日刀保たたら研究会開催

                                    四国讃岐支部会員 橋本幸律

 当支部では、2526日間に渡り、福本支部長以下7名が、島根県安来市で操業している日刀保たたらを訪れ、研究会を開催しました。
25日は、まず、同市の和鋼博物館を訪れました。和鋼博物館では、鉄穴流し、床釣り(地下構造)の構築工程、高殿等の精密な模型、天秤鞴、玉鋼、様々な道具等が展示されており、高岩学芸員がこれらについて分かり易く解説してくださいました。これらの展示品、解説に触れ、多くの知恵と苦労から、玉鋼が産まれるということを改めて認識しました。和鋼博物館に続き、美しい日本庭園で知られる足立美術館を訪れ、日刀保たたらへ向かいました。
 日刀保たたらに入ると、まず目に飛び込んだのが高く炎を吹き上げる大きな炉で、同時に現場のぴりぴりした緊張感が伝わり、一瞬、身体が固まりました。

 

木原村下の厳しい顔、作業員の砂鉄を炉に入れる姿、ゆっくりとノロが流れ出る様子を見ていると、私は人間が何か巨大な生き物に挑んでいるように感じました。
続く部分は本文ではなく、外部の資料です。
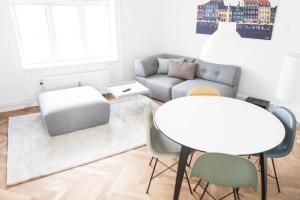 Lovely 2-BR apartment with large balcony - 67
 26日早朝、いよいよ炉を崩し鉧が姿を現わす段階です。外は雪が降り積もっている中、建物内は立っているだけでも、全身が熱くなり汗をかく程で、その中を作業員の方々は大きな掛け声で全身に力を込めて炉を崩します。

たたら操業は、常に危険が伴う命がけの作業です。この操業により姿を現わす真赤な大きな鉧からは、言葉にできない程のエネルギーが発散されており心から感動させられました。自然と人間とが造り出す鉄が昔から神聖視されていた理由を体感できるとても貴重な経験でした。

たたらの鉧出し後、出雲大社参拝、松江城で刀剣鑑賞し、香川への帰路に着きました。今回、支部行事のたたら研究会に参加し、このような貴重な経験をすることができました。

本当にありがとうございました。